In fact I would like to be able to make 2.6.27.X run on CentOS 5
which is very often deployed it seems. But its mkinitrd is completely
buggy and this crap is unable to boot from the device specified on
the kernel command line. And since device names have changed between
2.6.18 and 2.6.27, I don't know how to sort that out. Maybe someone
who knows this distro well could give it a try. After that I could
indicate which patches to add to this kernel (including the ability
to rebind to a port and the transparent proxy backport). This kernel
will be maintained for a few years, so that would constitute a good
platform. Keepalived is not easy to find packaged for it either BTW.

The rest is "just" kernel parameter tuning. I'm thinking about
writing a tuning guide for 2.6 kernels. I've once again been
contacted by a big site this week-end which was dying under load
because the sysctls had not been tuned, and that's a shame :-/

Regards,
Willy




Re: HAProxy running at 10 Gigabit/s

2009-04-19 Thread Michael Fortson
This is really impressive, Willy.

It would be great to be able to recreate an optimized installation
like the one used in this test. How would one go about finding or
building a similarly-configured linux distro?

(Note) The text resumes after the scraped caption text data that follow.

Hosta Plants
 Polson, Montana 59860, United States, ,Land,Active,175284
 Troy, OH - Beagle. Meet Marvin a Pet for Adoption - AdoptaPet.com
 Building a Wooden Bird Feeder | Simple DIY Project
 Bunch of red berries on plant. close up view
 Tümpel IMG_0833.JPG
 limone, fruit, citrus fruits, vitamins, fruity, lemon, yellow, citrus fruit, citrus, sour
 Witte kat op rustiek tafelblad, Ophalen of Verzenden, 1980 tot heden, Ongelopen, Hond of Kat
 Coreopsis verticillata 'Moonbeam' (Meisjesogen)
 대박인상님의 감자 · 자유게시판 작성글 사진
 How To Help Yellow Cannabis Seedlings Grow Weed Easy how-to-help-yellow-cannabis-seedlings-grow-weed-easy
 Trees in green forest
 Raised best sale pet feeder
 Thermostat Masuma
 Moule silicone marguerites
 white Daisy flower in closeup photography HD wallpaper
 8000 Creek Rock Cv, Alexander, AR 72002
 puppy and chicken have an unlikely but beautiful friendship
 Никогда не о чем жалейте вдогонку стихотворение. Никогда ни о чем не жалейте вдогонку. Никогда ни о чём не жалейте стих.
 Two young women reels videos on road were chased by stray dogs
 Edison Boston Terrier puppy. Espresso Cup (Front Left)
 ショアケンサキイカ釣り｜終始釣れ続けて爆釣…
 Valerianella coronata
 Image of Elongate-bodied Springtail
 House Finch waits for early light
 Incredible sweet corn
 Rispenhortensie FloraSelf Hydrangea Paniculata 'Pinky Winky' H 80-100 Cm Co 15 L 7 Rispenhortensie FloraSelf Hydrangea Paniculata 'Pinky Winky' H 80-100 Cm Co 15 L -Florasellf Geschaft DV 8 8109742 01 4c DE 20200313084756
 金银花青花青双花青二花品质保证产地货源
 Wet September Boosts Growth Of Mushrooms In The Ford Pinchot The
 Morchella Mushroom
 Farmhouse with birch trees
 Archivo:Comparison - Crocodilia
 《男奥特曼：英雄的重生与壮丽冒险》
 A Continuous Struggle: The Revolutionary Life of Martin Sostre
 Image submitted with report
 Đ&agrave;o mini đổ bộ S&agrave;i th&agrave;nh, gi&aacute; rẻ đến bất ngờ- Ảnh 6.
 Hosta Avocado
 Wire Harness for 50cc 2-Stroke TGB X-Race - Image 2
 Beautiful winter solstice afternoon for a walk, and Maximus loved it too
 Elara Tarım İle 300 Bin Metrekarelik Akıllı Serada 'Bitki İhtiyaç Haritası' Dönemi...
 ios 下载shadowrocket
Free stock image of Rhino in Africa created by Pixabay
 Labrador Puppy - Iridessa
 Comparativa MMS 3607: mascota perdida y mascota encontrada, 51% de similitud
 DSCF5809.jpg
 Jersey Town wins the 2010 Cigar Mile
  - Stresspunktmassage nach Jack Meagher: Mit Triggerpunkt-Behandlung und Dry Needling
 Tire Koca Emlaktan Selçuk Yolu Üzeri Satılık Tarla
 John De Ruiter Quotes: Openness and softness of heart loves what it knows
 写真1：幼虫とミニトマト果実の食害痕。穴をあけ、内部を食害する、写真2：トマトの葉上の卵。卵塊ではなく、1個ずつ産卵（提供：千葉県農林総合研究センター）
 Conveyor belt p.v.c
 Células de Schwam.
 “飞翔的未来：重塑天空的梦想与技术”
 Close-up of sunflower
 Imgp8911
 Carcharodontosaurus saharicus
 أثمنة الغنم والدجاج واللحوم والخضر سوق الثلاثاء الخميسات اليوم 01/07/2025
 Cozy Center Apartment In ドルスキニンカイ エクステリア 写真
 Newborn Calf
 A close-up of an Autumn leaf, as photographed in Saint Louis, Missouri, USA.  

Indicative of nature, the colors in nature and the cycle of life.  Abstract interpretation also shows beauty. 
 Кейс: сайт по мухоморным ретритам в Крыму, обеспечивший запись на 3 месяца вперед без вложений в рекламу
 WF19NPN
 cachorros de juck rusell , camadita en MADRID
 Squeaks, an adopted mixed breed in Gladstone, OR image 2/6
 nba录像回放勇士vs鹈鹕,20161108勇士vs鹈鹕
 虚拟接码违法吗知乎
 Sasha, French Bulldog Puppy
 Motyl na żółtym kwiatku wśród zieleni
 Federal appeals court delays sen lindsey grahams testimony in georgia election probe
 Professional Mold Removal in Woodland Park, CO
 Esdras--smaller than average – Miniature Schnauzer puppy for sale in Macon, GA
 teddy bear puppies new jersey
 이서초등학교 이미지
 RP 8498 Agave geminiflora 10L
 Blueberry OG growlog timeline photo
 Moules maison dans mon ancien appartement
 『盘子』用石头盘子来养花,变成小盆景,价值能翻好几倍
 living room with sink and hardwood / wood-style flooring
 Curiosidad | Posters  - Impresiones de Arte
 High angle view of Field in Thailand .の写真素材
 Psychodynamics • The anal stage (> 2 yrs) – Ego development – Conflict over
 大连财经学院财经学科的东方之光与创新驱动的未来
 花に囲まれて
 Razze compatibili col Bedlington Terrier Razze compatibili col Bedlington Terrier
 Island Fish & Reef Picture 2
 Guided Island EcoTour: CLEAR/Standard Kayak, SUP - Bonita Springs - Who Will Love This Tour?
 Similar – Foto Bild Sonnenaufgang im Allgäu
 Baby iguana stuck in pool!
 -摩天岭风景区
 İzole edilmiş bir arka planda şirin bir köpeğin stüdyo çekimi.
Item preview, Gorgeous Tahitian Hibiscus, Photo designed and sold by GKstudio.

On Sun, Apr 19, 2009 at 12:37 PM, Willy Tarreau  wrote:
> Hi all,
>
> I've wanted to redo those benchmarks at 10 Gbps for quite some time now,
> in fact since the release of 1.3.16 which brought splicing support and the
> new I/O layer. Now I found a few hours to re-run them, the results have
> been posted here :
>
>      http://haproxy.1wt.eu/10g.html
>
> In short, raw data throughput excels thanks to Linux kernel 2.6.27's TCP
> splicing and LRO implemented in the Myri-10G NIC, because haproxy is now
> capable of proxying 10 Gbps with less than 20% CPU used on a Core2Duo
> 2.66 GHz. The peak session rate has also significantly improved with the
> I/O rework. We now reach 38000 hits/s on the same hardware, and can get
> as high as 105000 connections/s if they are not forwarded to the server
> (eg: blocking ACLs).
>
> Regards,
> Willy
>
>
>



HAProxy running at 10 Gigabit/s

2009-04-19 Thread Willy Tarreau
Hi all,

I've wanted to redo those benchmarks at 10 Gbps for quite some time now,
in fact since the release of 1.3.16 which brought splicing support and the
new I/O layer. Now I found a few hours to re-run them, the results have
been posted here :

  http://haproxy.1wt.eu/10g.html

In short, raw data throughput excels thanks to Linux kernel 2.6.27's TCP
splicing and LRO implemented in the Myri-10G NIC, because haproxy is now
capable of proxying 10 Gbps with less than 20% CPU used on a Core2Duo
2.66 GHz. The peak session rate has also significantly improved with the
I/O rework. We now reach 38000 hits/s on the same hardware, and can get
as high as 105000 connections/s if they are not forwarded to the server
(eg: blocking ACLs).

Regards,
Willy